# Help: Golf Stat-Related College Research Project



## Alty182 (Sep 3, 2011)

I am currently enrolled in a quantitative methods class and my Professor is having us conduct small, semester-long research reports relating to business, organizations, and/or society, and I would love to be able to use the regular golf stats found online to do this project. 

I am brainstorming ideas but am thinking along the lines of "Do higher prize funds/purses necessarily contribute to higher performance by the field of players, on average, on the PGA Ryder Cup" or something like that.

It definitely does not have to be that exact idea, but if anyone can think of something interesting that can be derived from common stats found online week-to-week, that would be fantastic. 

This is a quantitative project, so following previous research done about the challenge of the game of golf, or the effects of golf skills in regards to....etc. would not be viable options.

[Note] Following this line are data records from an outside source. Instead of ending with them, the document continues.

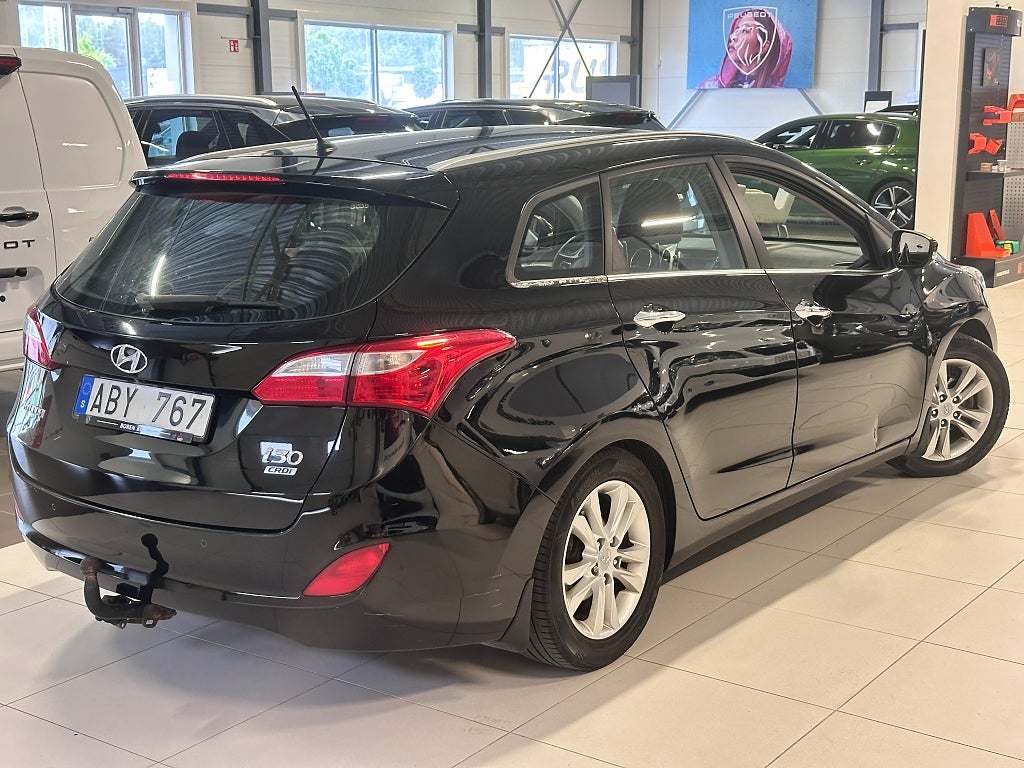 Hyundai i30 Kombi 1.6 CRDi Business Dragkrok thumbnail
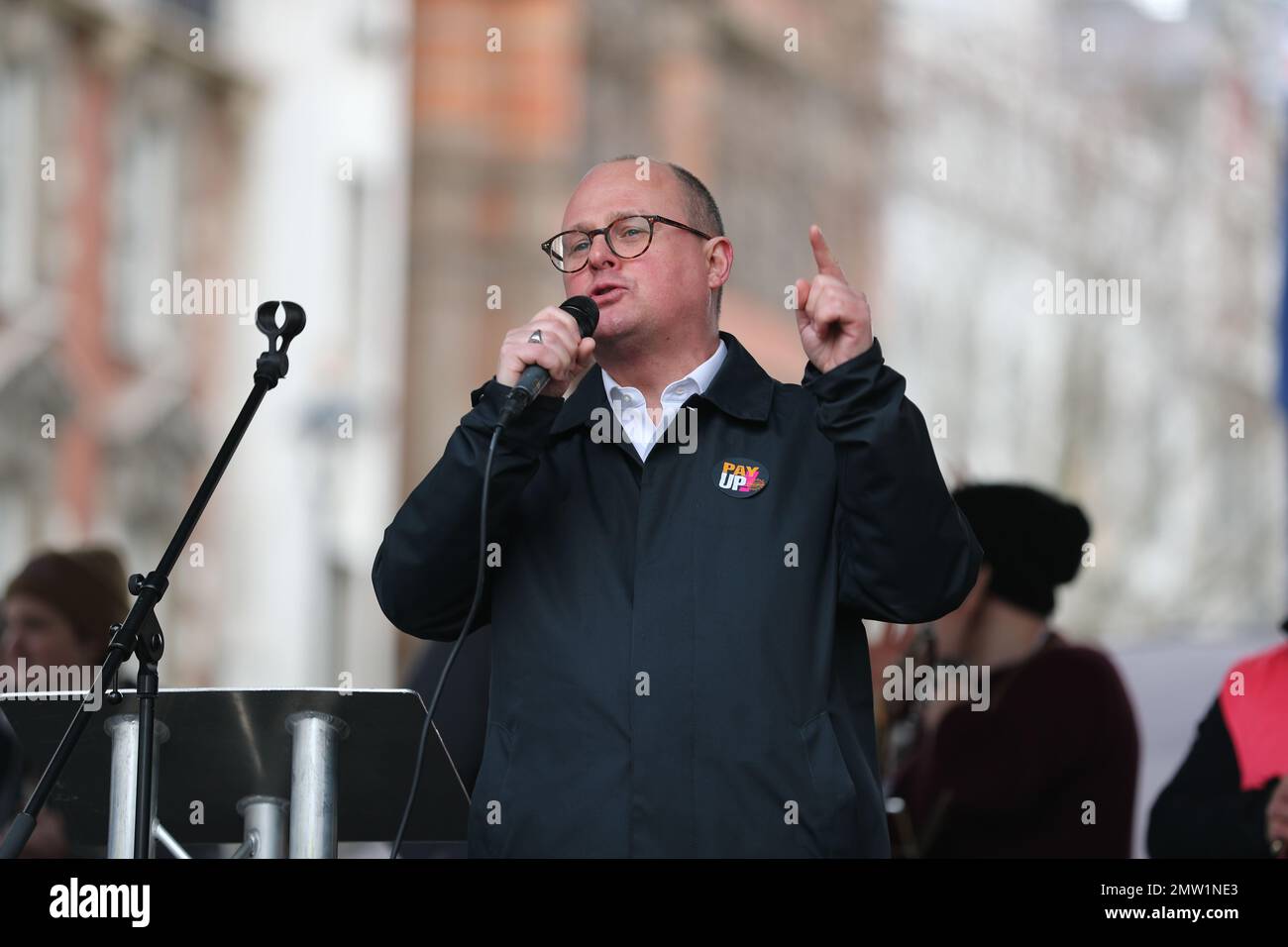 LONDRA, 1st febbraio 2023, il segretario generale del Congresso dell'Unione dei mestieri Paul Nowak ha pronunciato un discorso mentre 40.000 membri sindacali straordinari marciano attraverso Londra per protestare contro la retribuzione, le condizioni di lavoro e i finanziamenti. Foto Stock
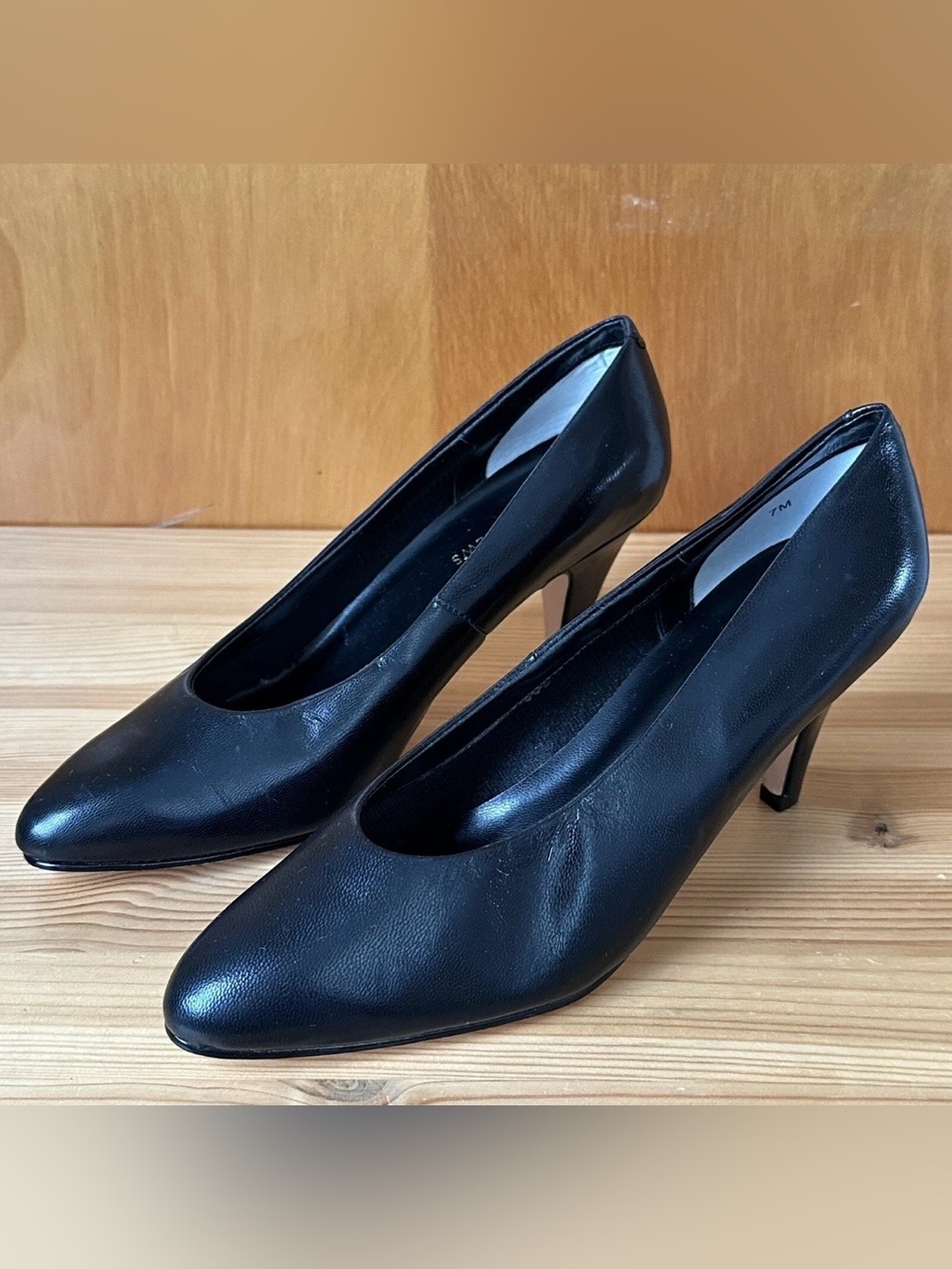 Newport News Women’s Size 7M Black Fine Leather Stiletto Heel Slip On Heels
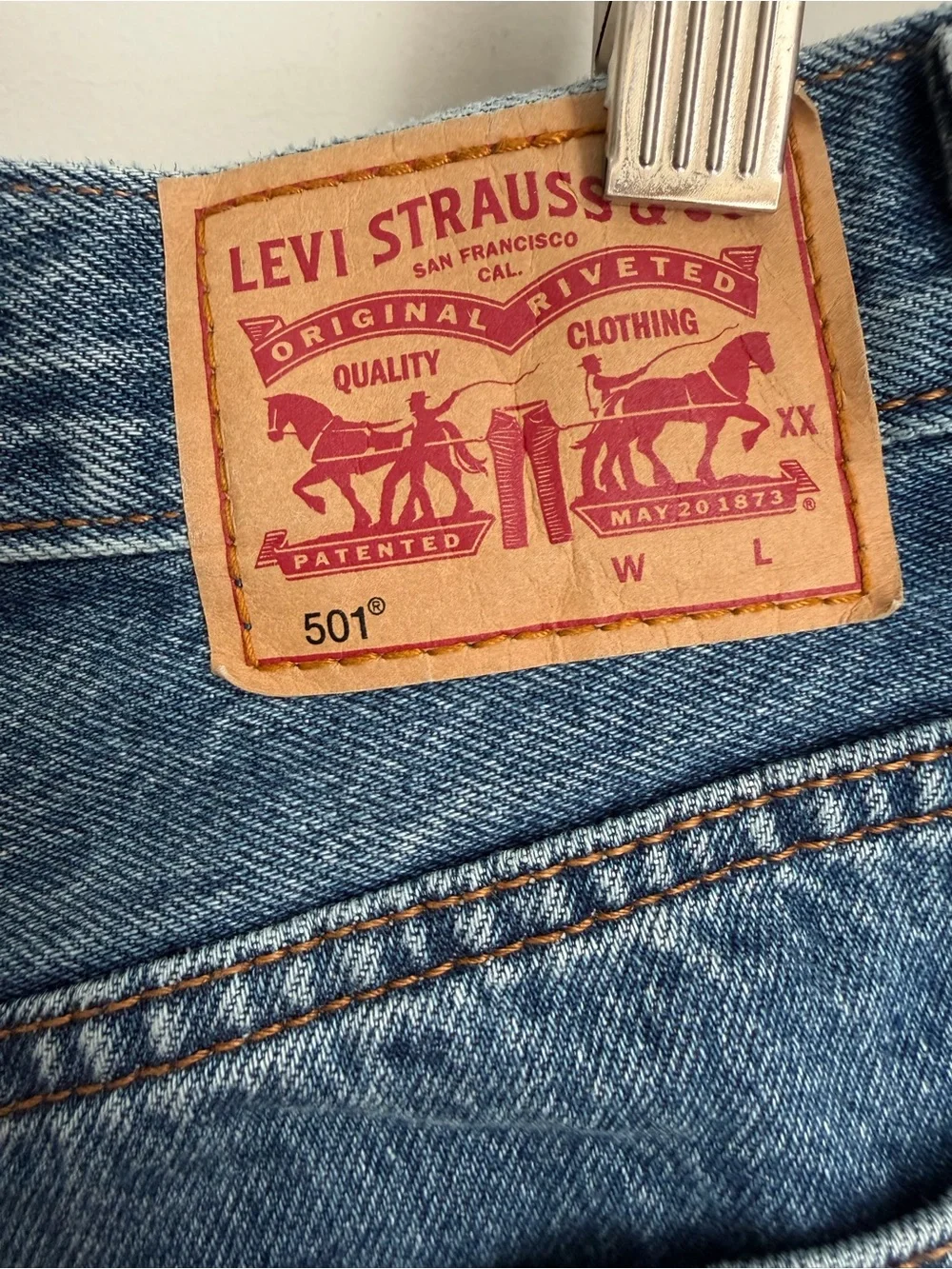 Levi’s 501 Original Distressed Cut Off Denim Shorts W26 High Rise Medium Wash - Picture 4 of 9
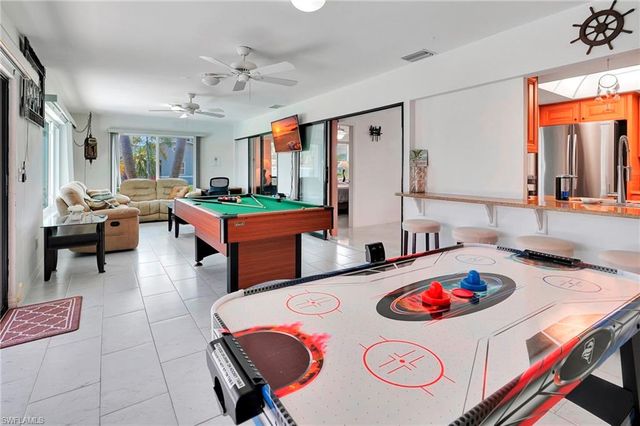 2216 SE 8th TER, Cape Coral, FL 33990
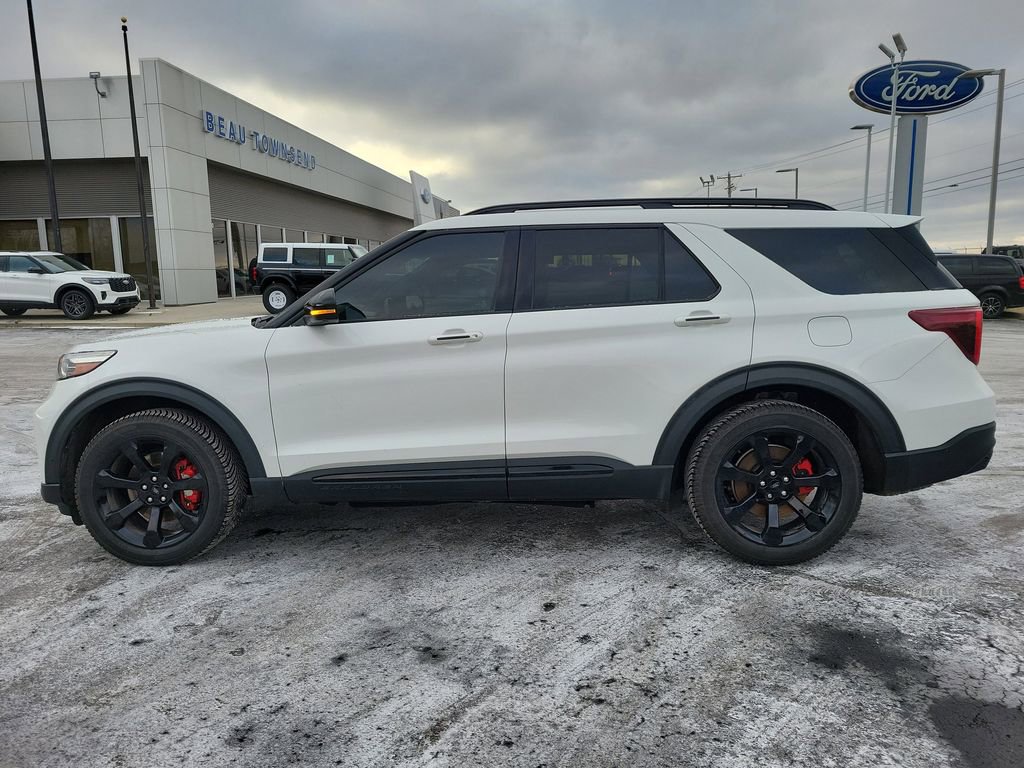 Certified 2022 Ford Explorer ST w/ Equipment Group 401A image 7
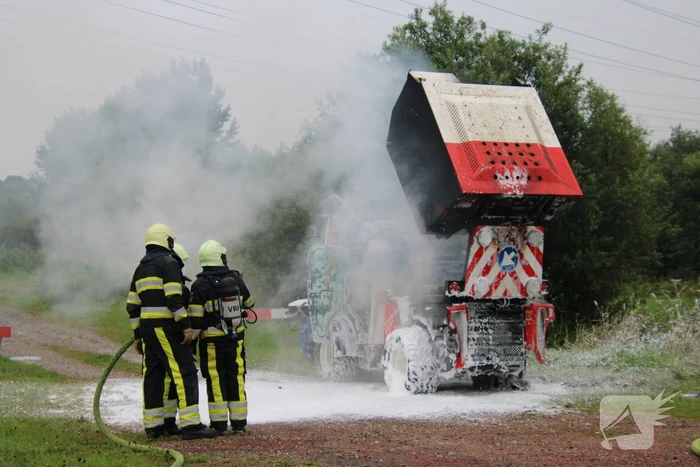 Grasmaaier vliegt in brand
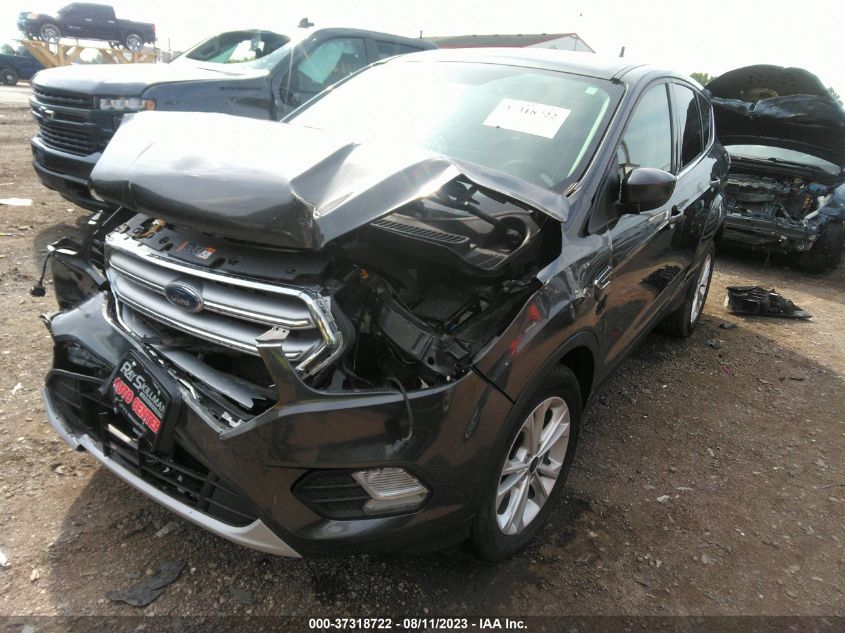 2017 FORD ESCAPE SE - 1FMCU0GD8HUA40563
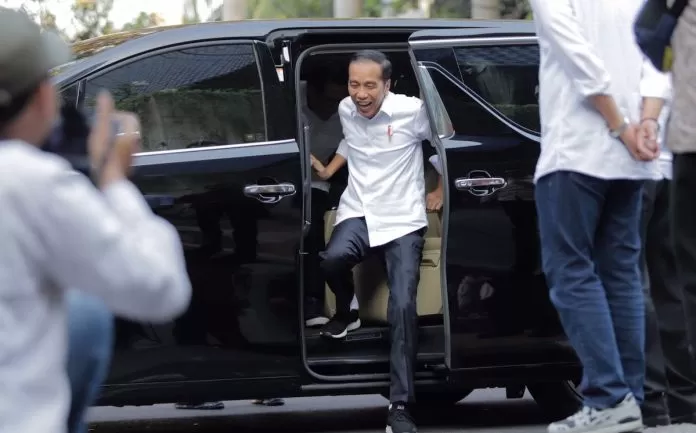 Jokowi Antara Cinta dan Benci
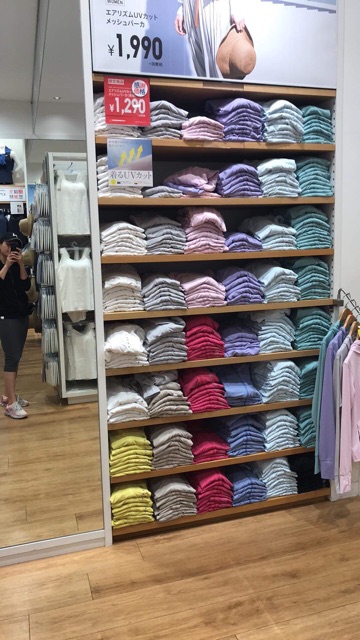 (SALE) CÓ SẴN Áo chống nắng làm mát Airism Uniqlo | BigBuy360 - bigbuy360.vn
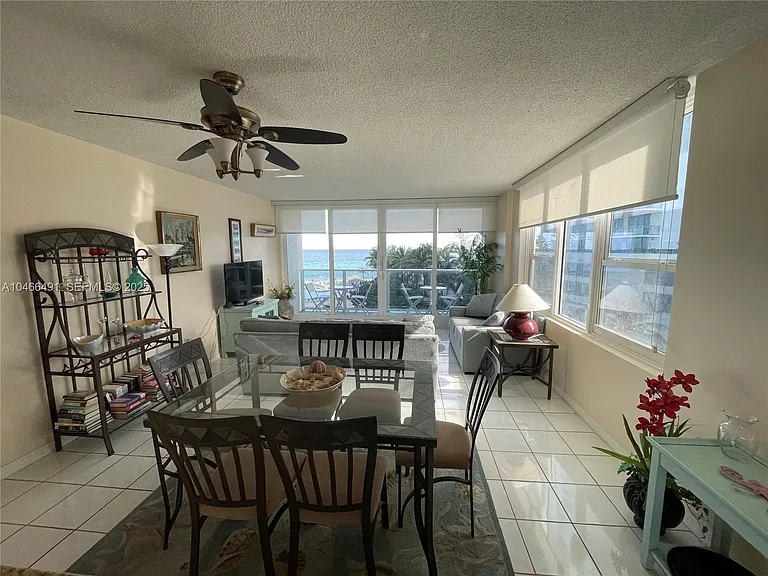3505 S Ocean Dr #421 — Photo 3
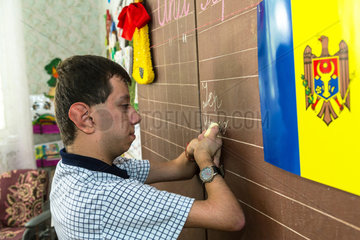Orhei  Moldawien  Jugendlicher in einem staatlichen Waisenhaus beim Schreiben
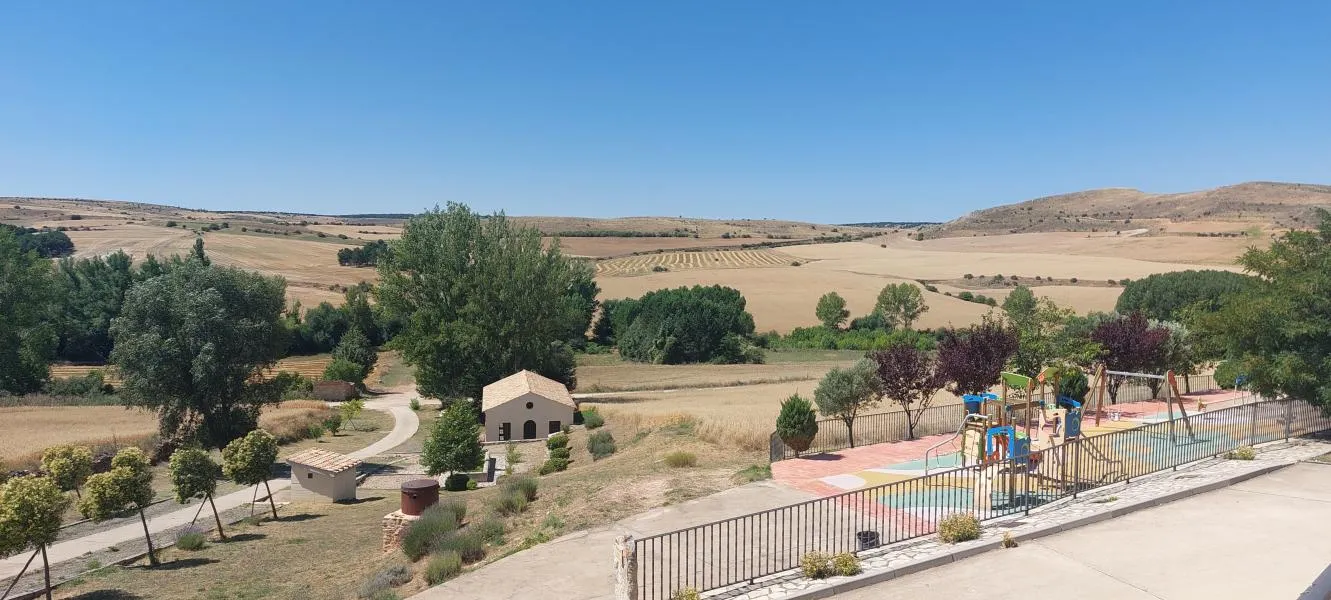 Vila espanhola cercada por montanhas procura novas famílias, com moradia gratuita e trabalho garantido como atrativos; saiba como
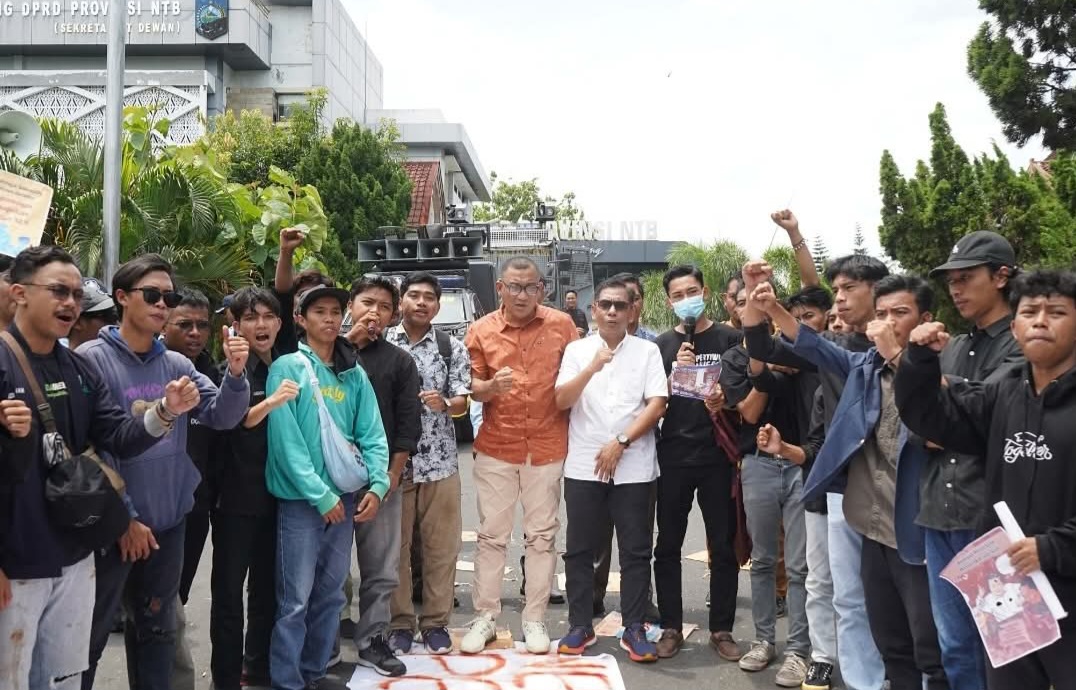 Tolak PPN 12%, BEM Unram Gedor Gedung DPRD NTB
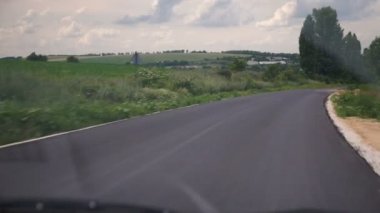 bir ülke otoyol ilerledikçe bir arabadan ateş, diğer araçlar olabilir be bitişik şeritleri gördüm.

Thank you very, very much!


----------



## FrogsHair (Mar 4, 2010)

It is my perception that the better players by pass the lower purse competition, and that these same better players only like to play in the larger purse tournaments. If 1st place is not worth a million dollars, it's a waste of their time. My other perception is that with all the endorsement money being paid now a days, that the better players will pick and choose which tournaments they want to play in, leaving a lot of tournaments competitive value suspect.......Anyways, that my story, and I am sticking to it.


----------



## golfjunk (Aug 4, 2010)

I do not think that there is relation. All these top guys have earned more than enough. For example, for the Ryder Cup I may be wrong, but players do not get money to play there (just the endorsement money after the Ryder Cup).


----------